Groups Protest Tar Sands Oil on Spill Anniversary
TRAVERSE CITY, Mich. (AP) — On the second anniversary of the costliest onshore oil spill in U.S. history, environmental groups held rallies in several states Wednesday to raise concerns about transporting tar sands oil in underground pipelines.
Demonstrators walked along the riverfront in Battle Creek, near the southwestern Michigan site where a pipeline ruptured in 2010 and spewed hundreds of thousands of gallons of oil into the Kalamazoo River. Others staged "We Are the Kalamazoo" events in other states to rally opposition to new and expanded pipelines for carrying oil from sand deposits.
Tar sands are sand and rock that contain crude bitumen, a heavy form of crude oil.
"By taking a stand against tar sands, we are fighting for people's rights and health," said Susan Connolly, who participated in the Battle Creek walk and lives in Marshall, the town nearest the spill.

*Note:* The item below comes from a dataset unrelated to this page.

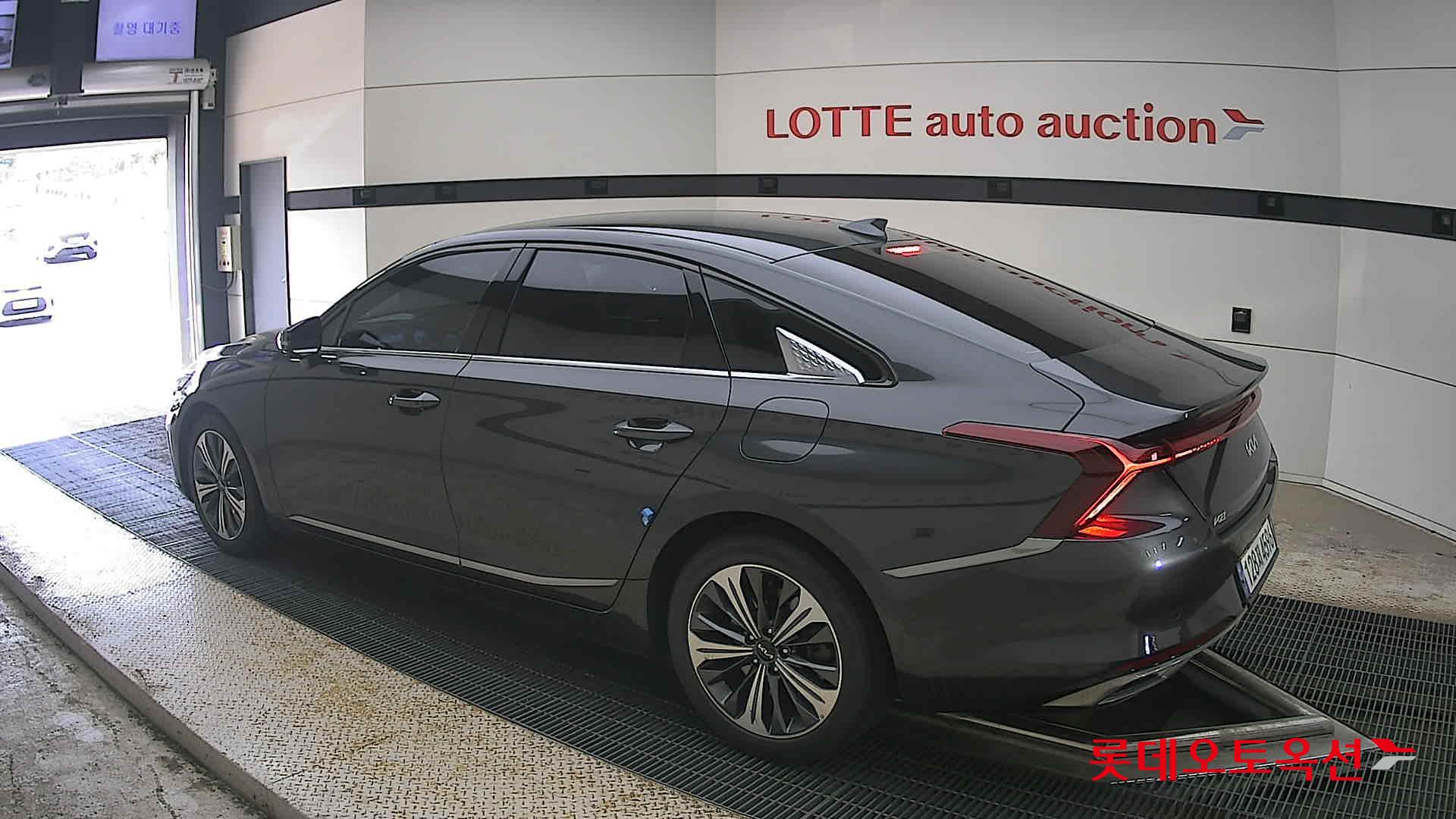 2023 - kia k8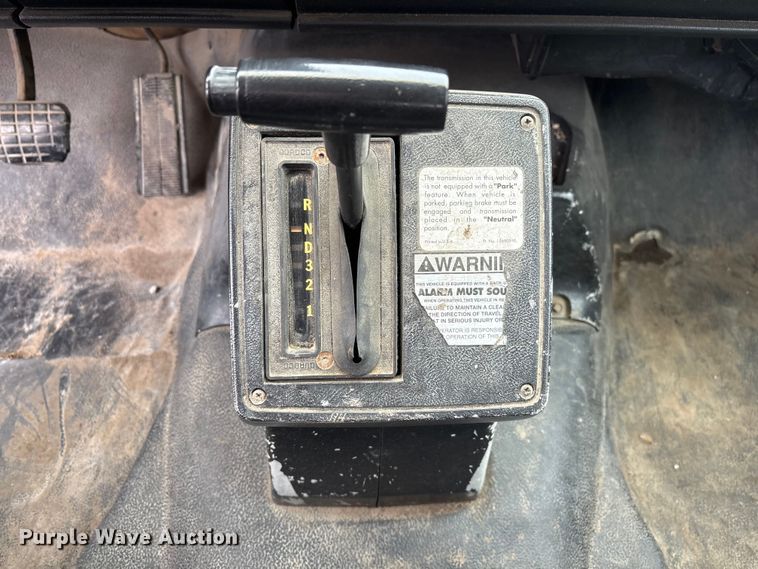 image for item FG2769 1994 Chevrolet Kodiak C5500 flatbed truck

She said the spill — which spewed an estimated 843,000 gallons of crude in the river and a tributary creek — created fumes that gave her family nausea and headaches. The cleanup has cost so far a record $800 million.
Organizers said events also were held in Oklahoma, Washington state, Nebraska, New York, Connecticut, Montana, Maine, Vermont and Delaware.
The pipeline, operated by Enbridge Inc., ruptured on July 25, 2010. Officials said 35 miles of waterways and wetlands were fouled and about 320 people reported symptoms from crude oil exposure.
The cleanup has reached its final stages and most of the river has been reopened for recreation.
An investigation by the National Transportation Safety Board determined that the rupture was caused by cracks and corrosion, and the agency faulted Enbridge for failing to perform excavations that might have prevented it. Federal regulators have proposed a $3.7 million penalty against the Canadian company, which is based in Edmonton, Alberta.
Company officials have said some of the oil came from tar sands in the western Canada province of Alberta.
Environmentalists contend tar sands oil is more corrosive to pipes and harder to clean up than conventional oil, which Enbridge disputes. Experts with the National Academy of Sciences are studying the corrosion issue.
The 286-mile-long pipeline extends from Griffith, Ind., to Sarnia, Ontario. Enbridge is replacing and enlarging the line, part of a $2.6 billion project to boost the flow of oil to refineries in the eastern U.S. and Canada.
"The proliferation of tar sands pipeline projects only means more chances of toxic tar sands oil spills happening more frequently," said Anthony Swift, an attorney with the Natural Resources Defense Council.
Enbridge spokesman Graham White said the company has decades of experience transporting tar sands crude and "there is no evidence that internal corrosion is caused by transporting this product on well maintained and monitored pipelines."
He said Enbridge had made numerous improvements to its "operations, integrity, safety culture, emergency response and control center operations" since the Michigan spill.